In the qualifying round Some Picture recorded a fast win in 30.24 and there were good wins for Forest Jet and Spiral Nikita. In the first round, Some Picture went even faster recording 30.12 despite running very wide. The 525 track record holder Cool Panther won in 30.27 and Vintage Prince recorded a fast 30.19.

Elderberry Chick set the best second round time with a 30.07 and 1995 Irish Greyhound Derby winner Batties Rocket, Vintage Prince and Spiral Nikita all won but there was a shock defeat when Some Picture lost out to Borna Best. In the quarter-finals there was a heat that contained three of the leading contenders and all three qualified with Spiral Nikita beating Some Picture and Toms the Best. The other heats were won by Vintage Prince, Batties Rocket and Dynamic Boot.

Both semi-finals were won in 30.05, in the first Spiral Nikita beat Right to Apply and Toms the Best and in the second heat Vintage Prince defeated Some Picture and Jokers Run.
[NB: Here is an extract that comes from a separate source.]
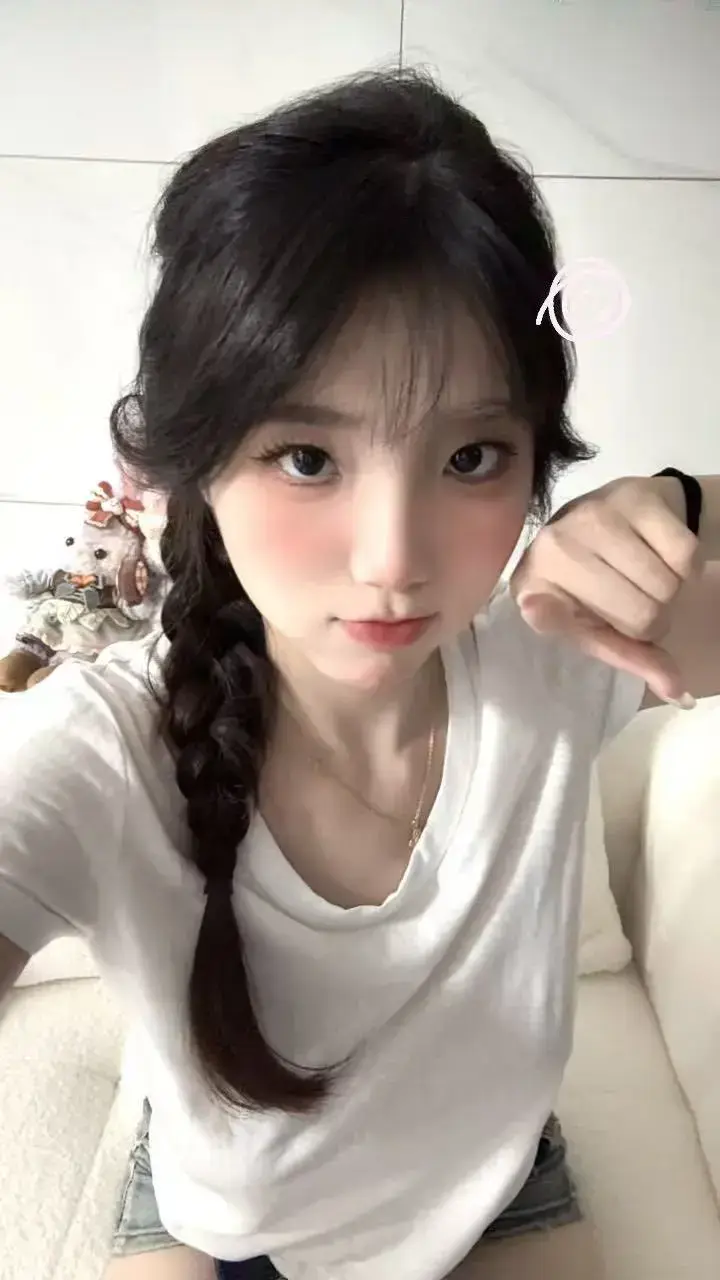 《女神Sunny77》塌房事件全揭秘_《女神Sunny77》蓝光画质免费看_电梯战神片段高清呈现_全系列无广告在线观看-VS影院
Vintage Prince was now the favourite for the event.

The triple crown dream for Some Picture came to an end because he was slow away from the traps and then found trouble running into the controversially wide seeded Spiral Nikita. However, the perfectly drawn Toms the Best, trained by Nick Savva for owner Eddie Shotton, made a good start and he was just behind Vintage Prince for most of the race before his strong finish saw him catch Vintage Prince at the finish line in a very fast 30.09.